Microscopic modifications of equilibrium probabilities due to non-conservative perturbations with applications to anharmonic systems

The standard relationships of statistical mechanics are upended my the presence of active forces. In particular, it is no longer usually possible to simply write down what the stationary probability of a state of such a system will be, as can be done in ordinary statistical mechanics. While exact expressions are possible for harmonic systems, anharmonic systems tend to be much more difficult to treat. In this manuscript, we investigate how the microscopic probability for anharmonic systems is modified in the presence of non-conservative forces. We recount how non-conservative corrections to microscopic probabilities in generic systems can be represented as integrals over Green's function kernels, and that these Green's functions take the form of path integrals. We show how using analytically tractable form of these functions allows us to calculate corrections to the microscopic probability for a generic anharmonic system. These results are compared to active Brownian particles inside a harmonic or anharmonic well.
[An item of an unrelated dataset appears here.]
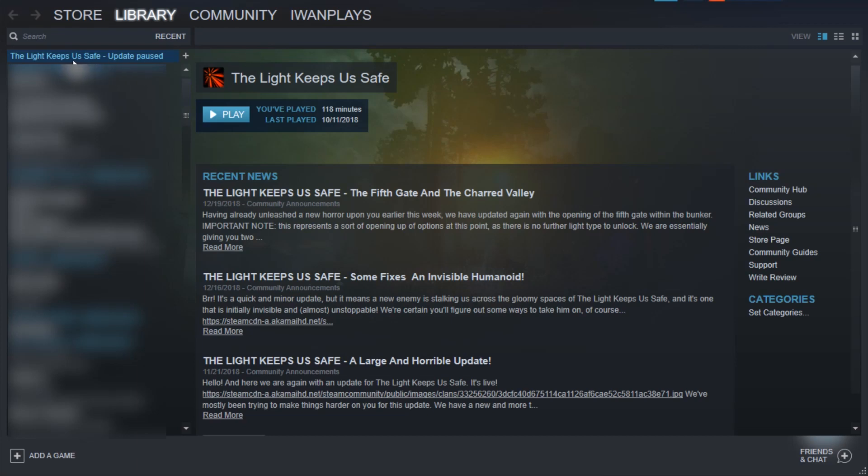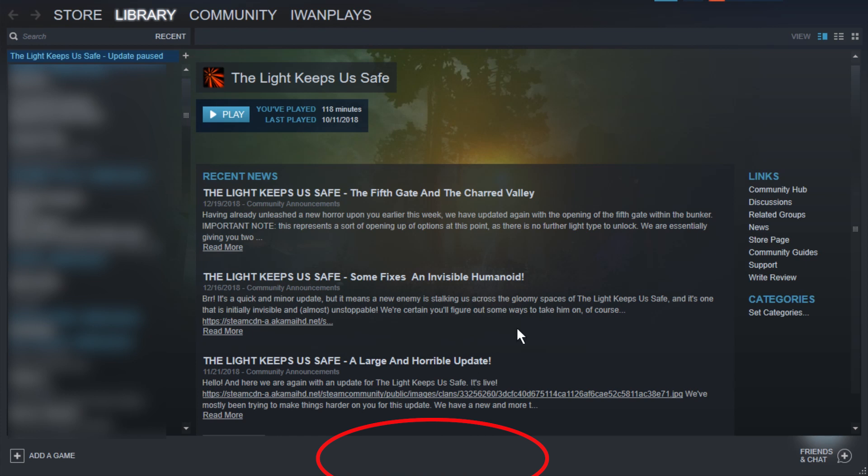Hello and welcome. I have this game here, The Light Keeps Us Safe, Update Paused. This is because in the download menu where the updates are all happening, which is usually reachable by a button here, I pressed Pause because I didn't want to update it back then.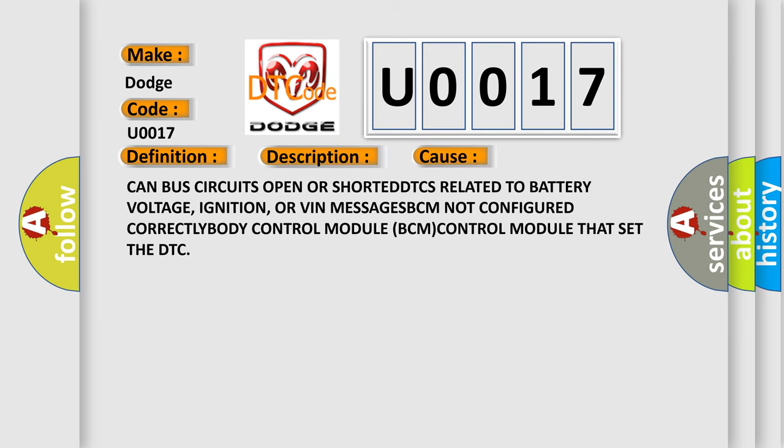CAN bus circuits open or shorted, DTCs related to battery voltage, ignition, or VIN messages BCM not configured correctly, Body Control Module BCM control module that set the DTC.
From this it can be shown that accumulation of probability away from its equilibrium minima is a natural effect arising in anharmonic but not harmonic systems. Finally, we extend the microscopic results to study small active polymers with anharmonic backbone potentials. The interplay of the active driving with the anharmonic backbone potential can be used to understand how the end-to-end distance and mode space distributions of anharmonic active polymers scales with active driving. In particular, the polymer modes with the smallest eigenvalues will be affected by non-conservative forces the most.